Spotify人工智能面经_Spotify人工智能面试真题及高频题

1.ML System Design for a Ranking Problem

2.Designing a Data Pipeline for ML Data Processing

3.Feature Engineering for a Machine Learning Model

4.Evaluating the Reasonableness of a Signal for Predicting User Activity

1. ML System Design for a Ranking Problem

Discuss the engineering decisions involved in a ranking problem, including feature consistency, model serving, model versioning, deployment strategies, preprocessing features, serving embeddings, and model retraining. Be prepared to propose different designs and discuss their trade-offs.

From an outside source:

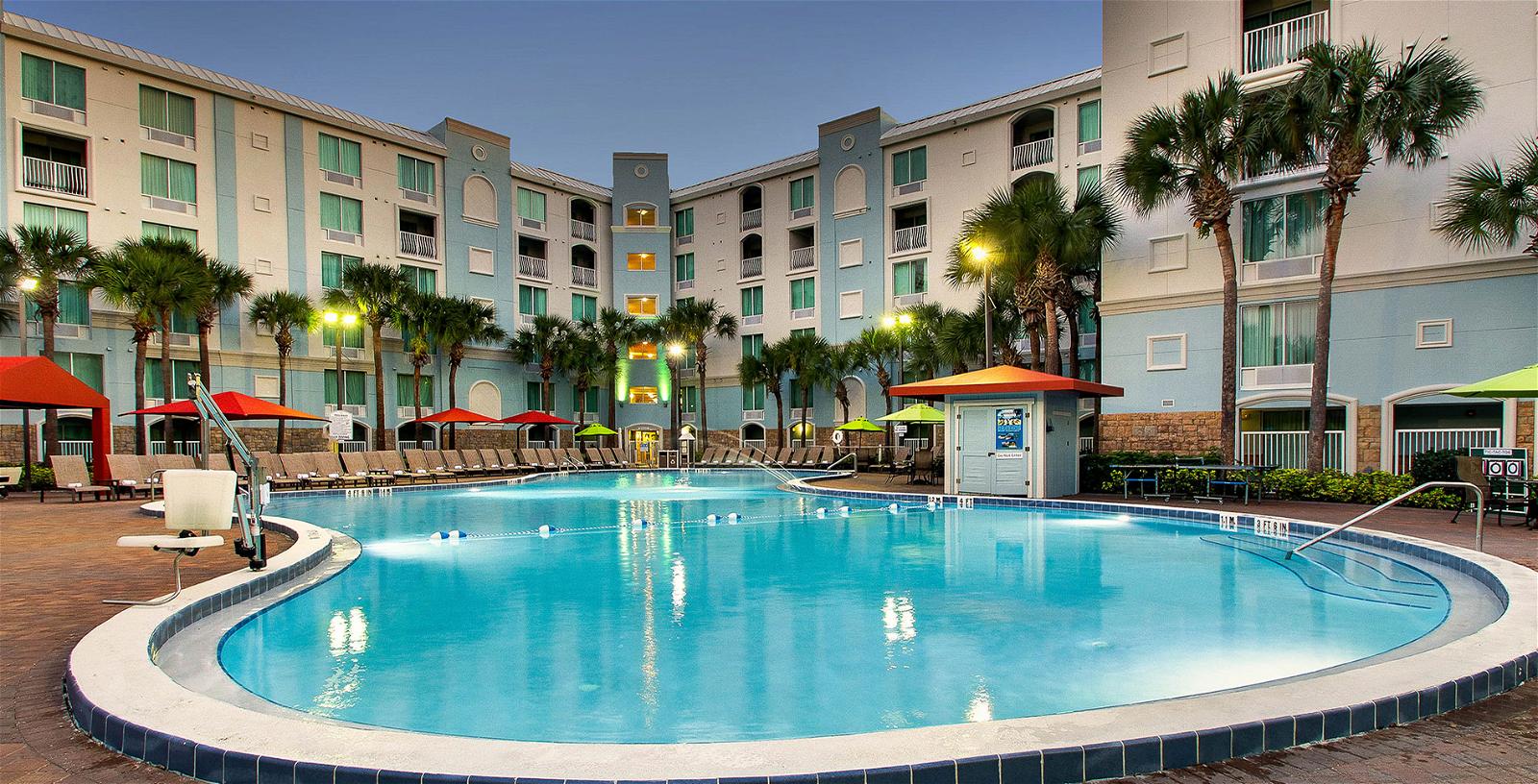 Orlando Hotels Check out the Holiday Inn Resort Poolside View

2. Designing a Data Pipeline for ML Data Processing

How would you design a data pipeline for processing large volumes of data? Discuss the tools you would use (e.g., Spark, HDFS), how you would design the schema, what data you would provide to downstream users, how to make data more accessible to users (e.g., dumping to a convenience storage or publishing to a dashboard), handling bot traffic in the table, detecting data anomalies, and optimizing for very large data volumes (e.g., using approximation algorithms).

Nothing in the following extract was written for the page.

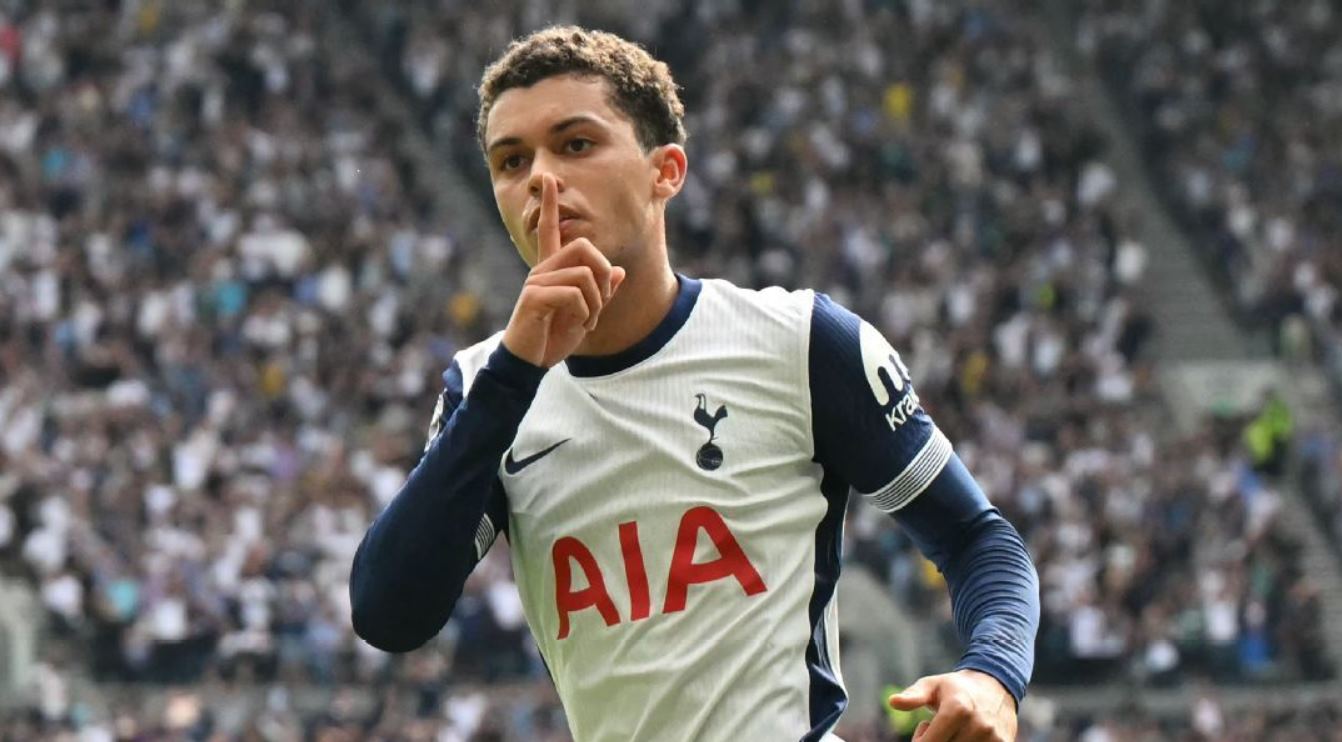 Brennan Johnson winger Tottenham Hotspur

3. Feature Engineering for a Machine Learning Model

Discuss how you would handle the following features for a machine learning model using XGBoost: categorical features (user_region, device_type), high cardinality features (track_id, top 10 artists), months since registration, milliseconds of registration time of the track, artist, and unique count of the reading of tracks, albums. Also, consider how to incorporate seasonal features.

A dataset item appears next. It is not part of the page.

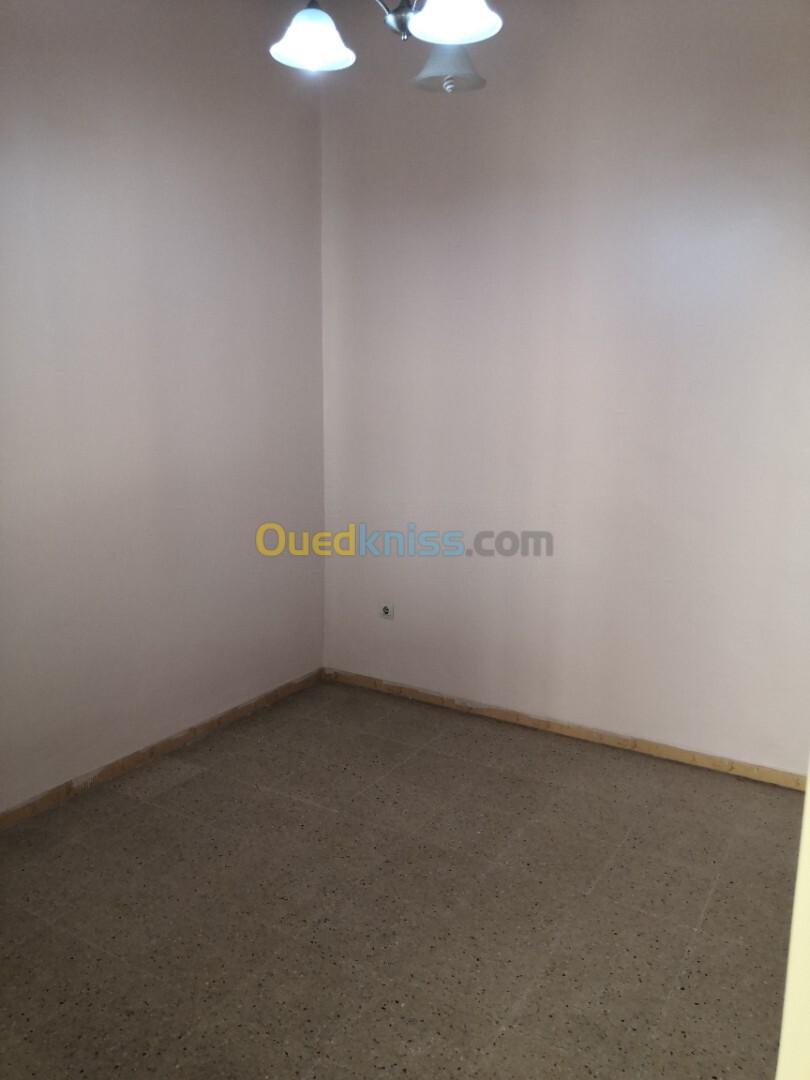 Location Niveau De Villa F3 Alger Kouba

4. Evaluating the Reasonableness of a Signal for Predicting User Activity

Do you think the signal 'If a user listens to music at least 1 min in an hour then we will consider this hour as active' is reasonable for predicting the percentage of hours that the user will listen to music next week using historical data? Should we push back on this signal, and how should we define the target variable to approach the requirements?